Fiscal Year: 2014/2015

Status: Final

Rutgers-CAIT Author(s): Sue McNeil, Ph.D., P.E., University of Delaware, Patrick Szary, Ph.D., CAIT

External Author(s): Frank Lawrence, Sea Bright, Dina Long, Sea Bright

Sponsor(s): USDOT, Township of Sea Bright


This project builds on two ongoing CAIT projects: the UD project “Understanding the Relationships between Household Decisions and Infrastructure Investment in Disaster Recovery: Cases from Superstorm Sandy” and the collaborative project (involving UD, Rutgers, and Utah) “Big Data: Opportunities and Challenges in Asset Management.” These projects have identified some important large data sources, including survey and sensor data,  that are relevant to forecasting demand and understand the needs of communities. In addition other parallel efforts provide map based data on infrastructure vulnerability (for example, “Climate Change Vulnerability and Risk Assessment of NJ’s Transportation Infrastructure”). Furthermore, the project is consistent with the MAP-21 requirement for states to develop risk-based asset management programs.

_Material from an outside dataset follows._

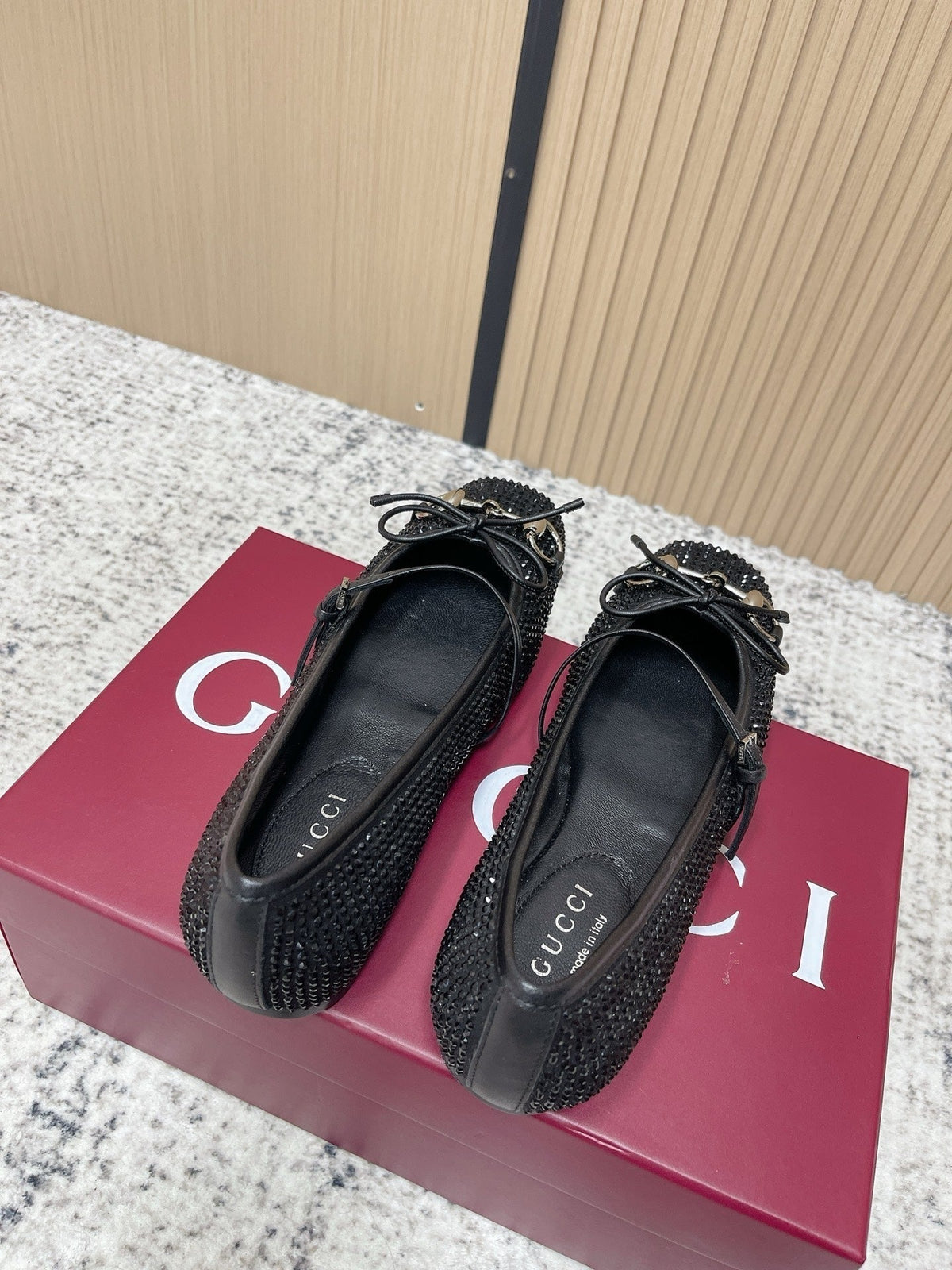 Gucci 26S Ballet Flats In Black Suede With Crystals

The research will begin with a literature review to build on relevant new research and initiate an inventory of relevant data and methods. The research team will then develop a framework for integrating the data to support asset management functions. This is more comprehensive in terms of the types of data than the research currently being conducted as part of the UD project and more focused on demand estimation than the exploratory research that is part of the “big data” collaborative project. Using the framework, a case study focused on Sea Bright, NJ, will be developed. Our clients are the mayor of Sea Bright, and chair of the Sea Bright 2020 Steering Committee but we expect to engage other participants. We will draw on input from the community in the form of the survey we are about to launch, reports from community meetings, past plans and studies (for example a Smart Growth plan and a study by Bloustein School of Planning and Public Policy students), and plans, GIS, and transportation data from Monmouth County, North Jersey Transportation Planning Authority, and New Jersey DOT. The case study will be presented at a workshop and the framework updated to reflect comments and other inputs.